**Exercise description:** I would like the line with "grapefruit heart" and every line after it, down to the end of the entries below, output exactly and without pictures.

**Data to examine:**
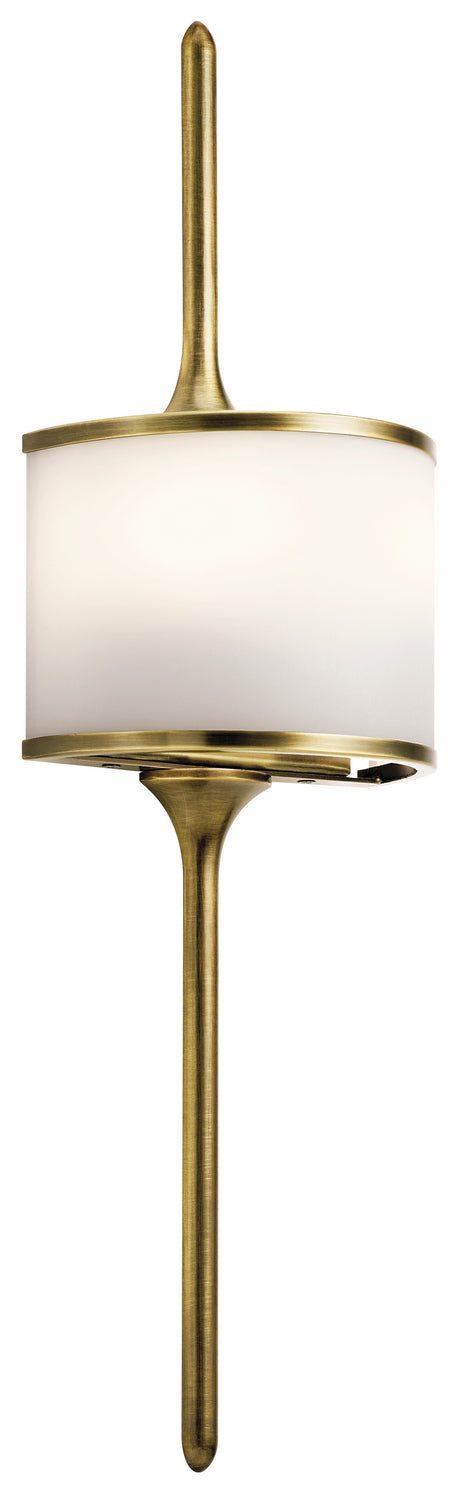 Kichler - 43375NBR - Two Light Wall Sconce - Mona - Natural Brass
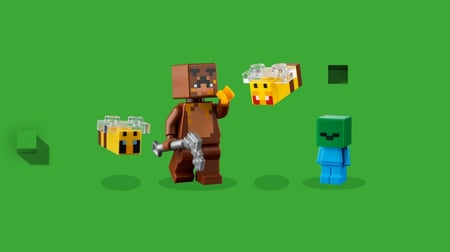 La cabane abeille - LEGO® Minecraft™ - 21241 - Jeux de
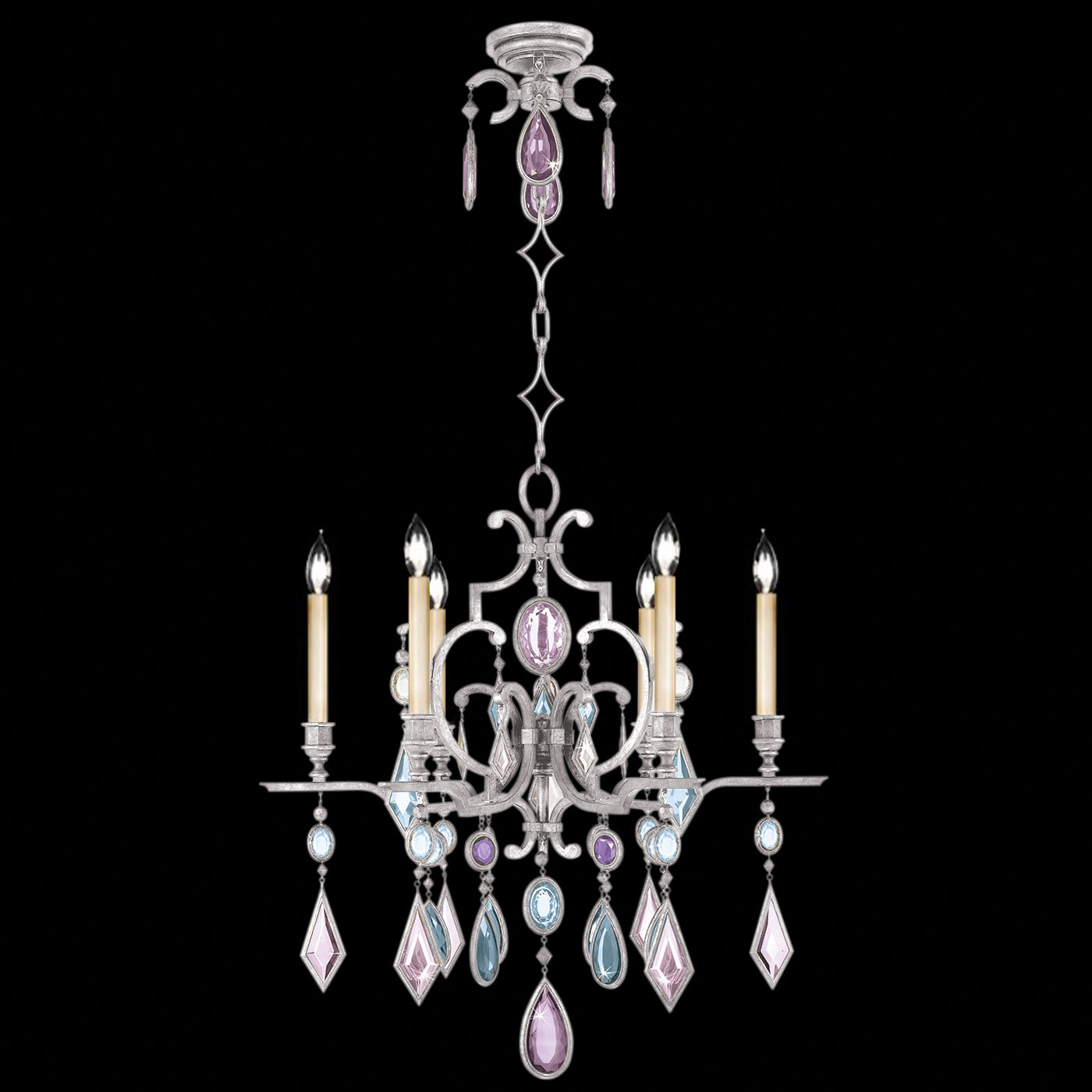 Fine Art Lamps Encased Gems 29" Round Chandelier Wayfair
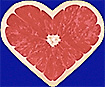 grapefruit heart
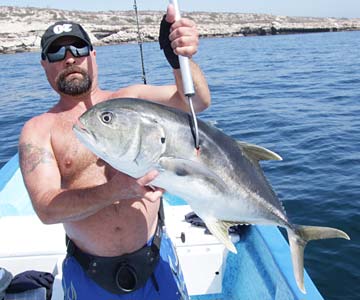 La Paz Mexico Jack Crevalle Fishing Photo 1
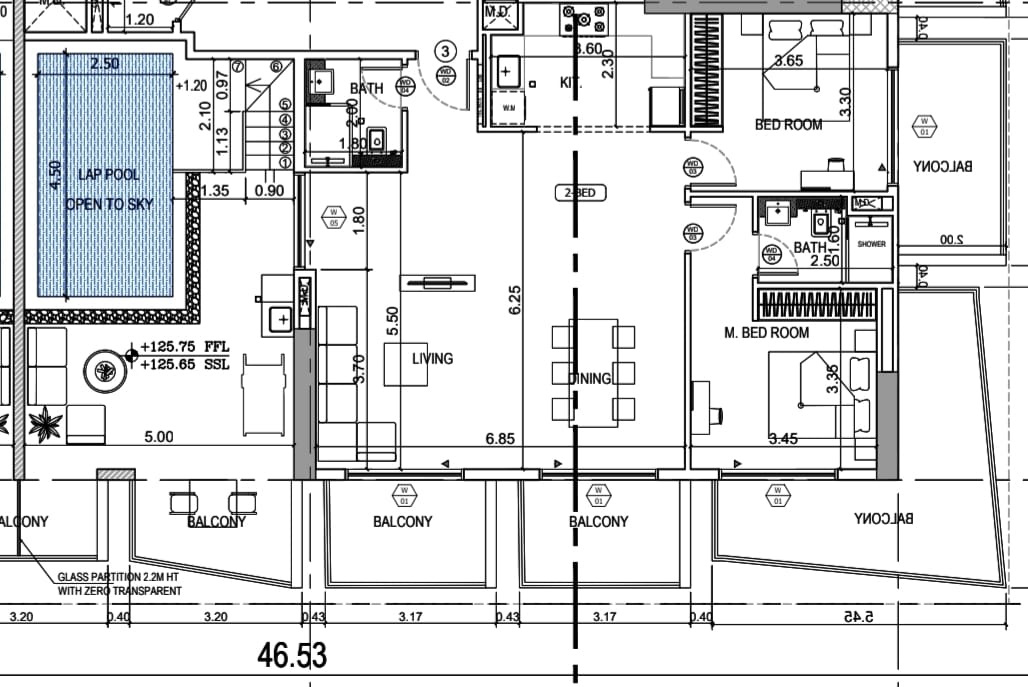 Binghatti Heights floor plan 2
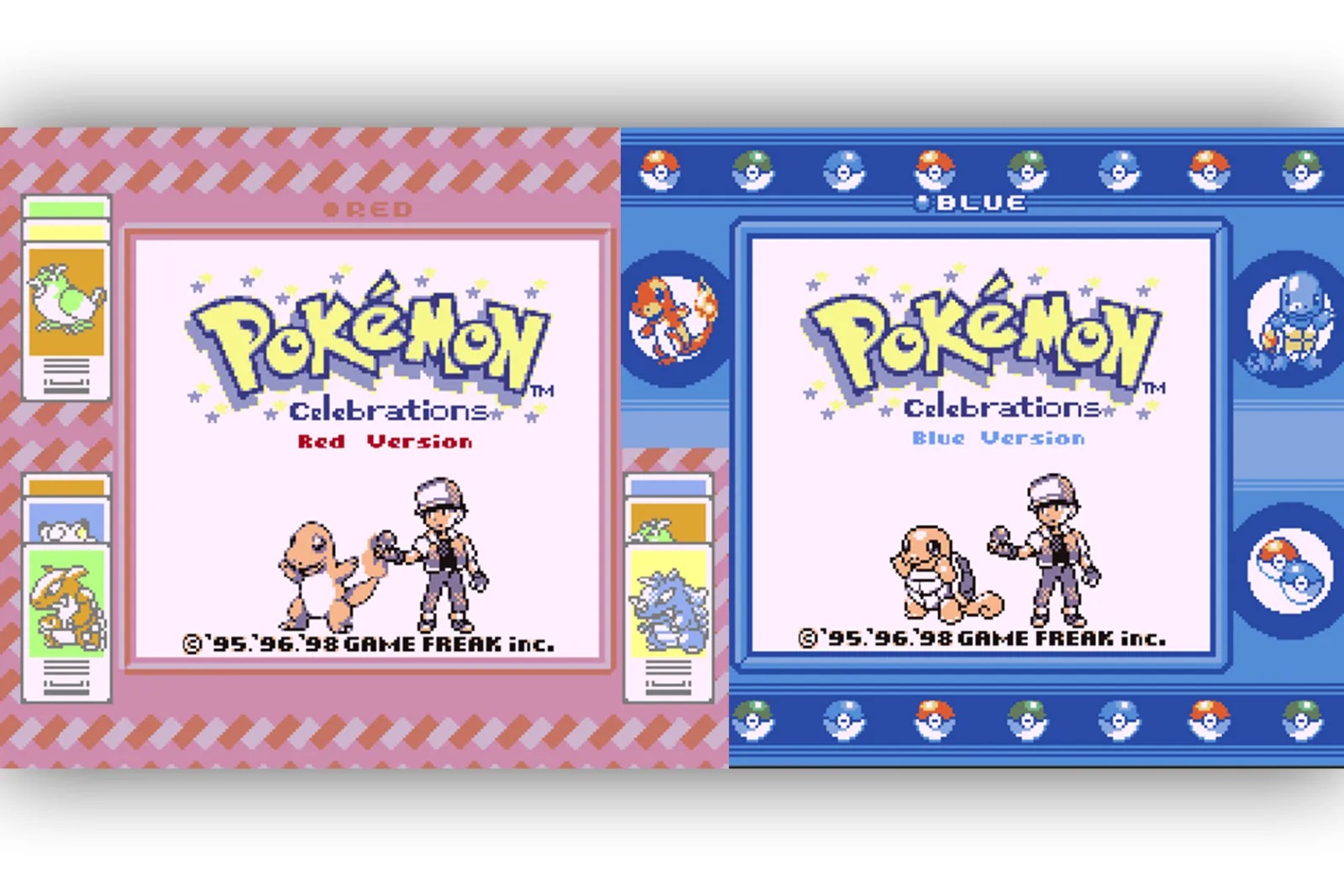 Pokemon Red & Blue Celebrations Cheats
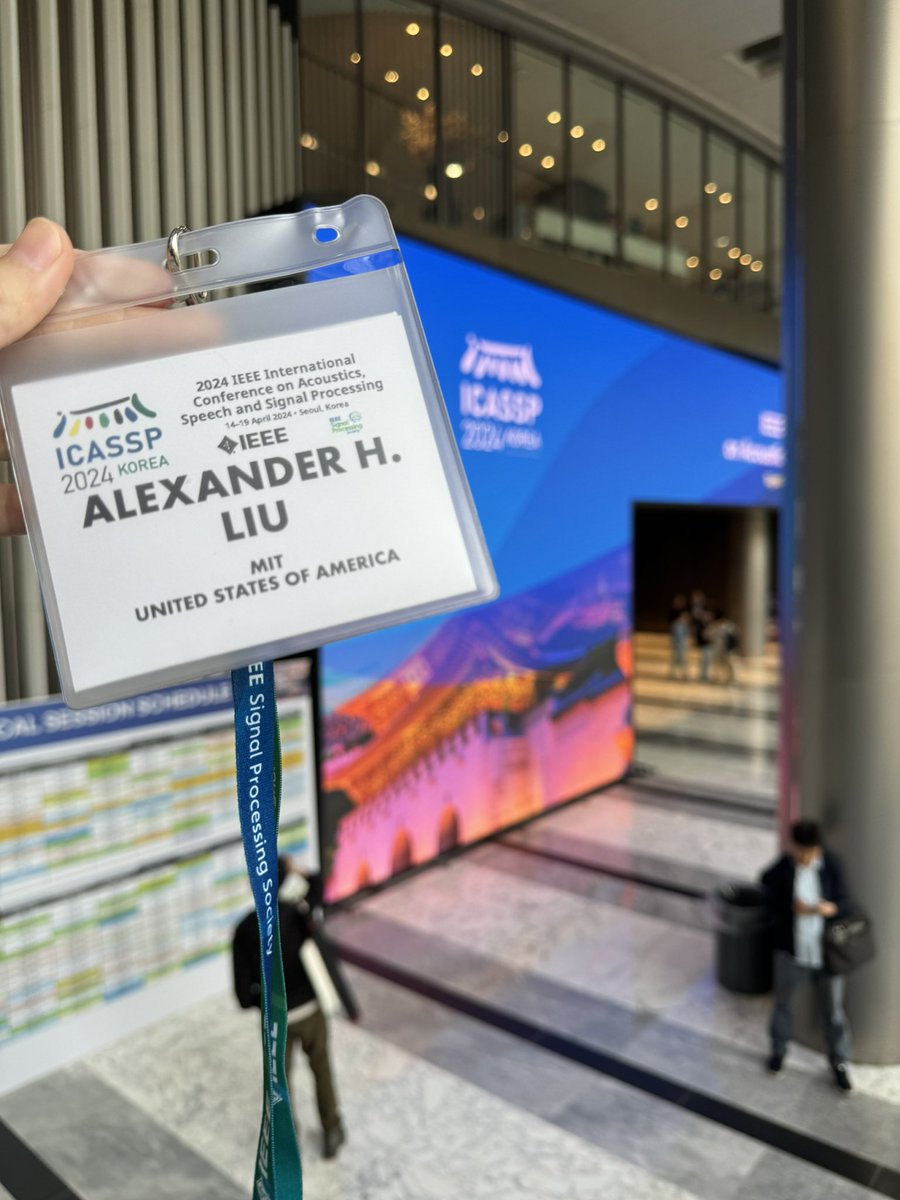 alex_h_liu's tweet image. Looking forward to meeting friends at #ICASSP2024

**Solution to this problem:**
 grapefruit heart
 La Paz Mexico Jack Crevalle Fishing Photo 1
 Binghatti Heights floor plan 2
 Pokemon Red & Blue Celebrations Cheats
 alex_h_liu's tweet image. Looking forward to meeting friends at #ICASSP2024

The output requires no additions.